連載『lit!』第124回:じん、ハチ、kemu、syudou……一時代を築いたレジェンドボカロPたちによる直近カムバック作

 今でこそ大衆的な知名度も獲得しつつある音楽ジャンル・VOCALOIDだが、現在のカルチャー成熟には大勢の先人たちの活躍が欠かせないものでもあった。特に多くの人気クリエイターによってジャンルが大きな成長期を迎えた2010年代前半、そして各SNSでのバズや時代潮流に沿ったコンテンツをきっかけに、その人気をもう一段押し上げることとなった2020年前後。この頃にシーンで活躍したボカロPの中には、日本の音楽シーンを牽引する存在へと成長した人々も多く存在する。

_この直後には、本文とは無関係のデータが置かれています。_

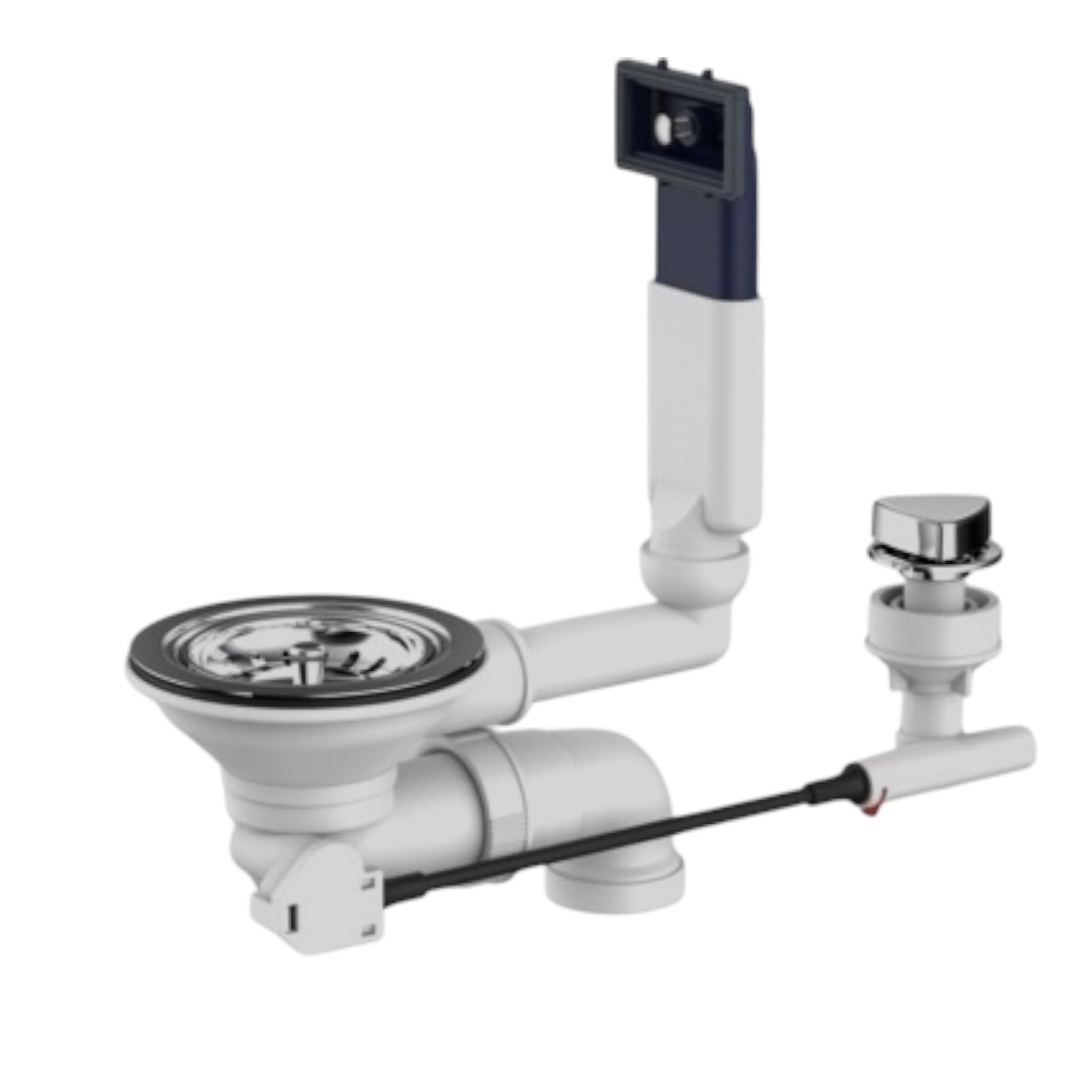 Sanit 5/4 Gootsteen Afvoer Plug 114mm korfplug waste met afstandsbediening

 商業的成功を納め多忙な日々を送るゆえに、そんな作り手の多くがボカロシーンから徐々に足が遠のいていくのもやむを得ないことではあるだろう。しかし、それでも様々な出来事を契機に、一時代を築いたレジェンドボカロPたちが新たな作品を持って久々にシーンへと舞い戻ってくる事象が、直近ではあちこちで散見された。

 今回はそんな、シーンにとって非常に喜ばしいニュースともなったボカロPたちのカムバック作をピックアップ。話題を席巻した新作の数々、その妙を映像と音楽ともに楽しんでみては。

じん「Summering」

Summering / じん【Official MV】

 10月1日に本人SNSより投稿された「夏、終わらせにいきましょう」という言葉に追随し、数日後に動画がアップされた本作。ボカロ好きであれば誰もが知る『カゲロウプロジェクト』シリーズでシーンに金字塔を打ち立て、近年も様々なタイアップやイベント事に合わせボカロ曲を発表するじんだが、今回のようなノンタイアップ曲は2022年8月投稿の「ヘンシン」以来2年以上ぶりとなる。

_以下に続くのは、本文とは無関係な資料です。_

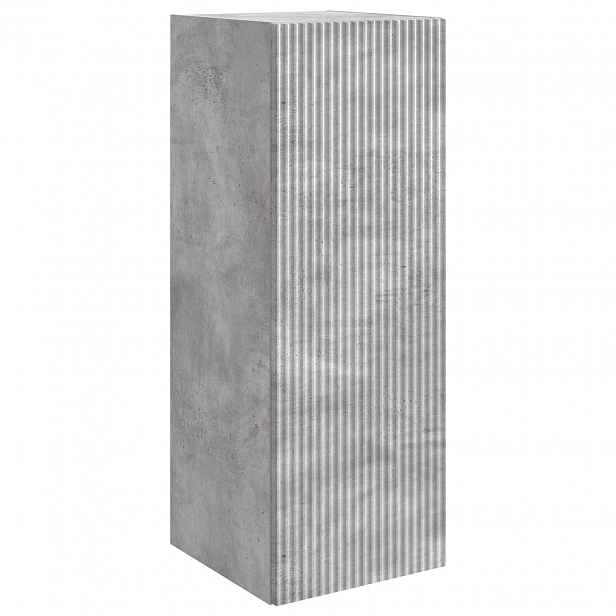 vidaXL Nástěnná skříň 33 x 34,5 x 90 cm Kompozitní dřevo Betonově šedá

 意味深な事前の投稿告知に大勢のファンが期待を寄せた本曲だが、蓋を開ければ過去にじんと多くのビッグヒットを生み出したクリエイターの面々の再集結という、とてつもなく豪華なコラボが実現。映像担当のしづ、楽曲制作に携わったびび、ベースの白神真志朗、そしてドラムのゆーまお(ヒトリエ)。彼らとともにきっと多くのリスナーも、“あの夏”に思いを馳せたに違いない。

ハチ「ドーナツホール 2024」

ハチ - ドーナツホール 2024 , HACHI - DONUT HOLE 2024

 米津玄師として4年ぶりのアルバム『LOST CORNER』をリリースしたばかりの彼だったが、その盛り上がりも冷めやらぬ中で投稿された今作。世界的チョコレートブランド・GODIVAとの商品コラボをきっかけに制作された本PVでは、投稿から11年を経た楽曲PVに登場するGUMIほかキャラクターたちのデザイン原案をハチ自身が担当している。

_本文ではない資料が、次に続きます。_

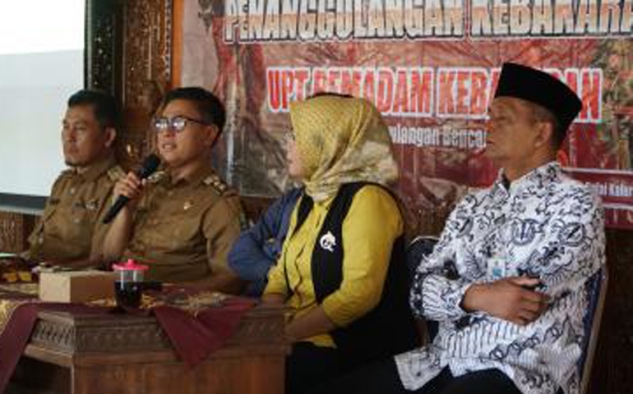 Joko Parwoto Buka Sosialisasi dan Simulasi Penanggulangan Kebakaran di Saptosari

 今やお茶の間にまで浸透した米津の名ではなく、あくまでボカロP・ハチとして彼が今回のリブートを行ったことも大勢のファンを喜ばせた。YouTubeのみならず、ニコニコ動画にも2017年「砂の惑星」以来の投稿が行われたことに加え、2013年の原曲投稿時とほぼ同じ内容の「どうもハチです。」という動画概要欄も、多くのボカロファンが胸を熱くしたポイントである。そんな彼の投稿を喜ぶ人々の熱烈な歓迎の意が、動画の“王の帰還”タグにも表れているのだろう。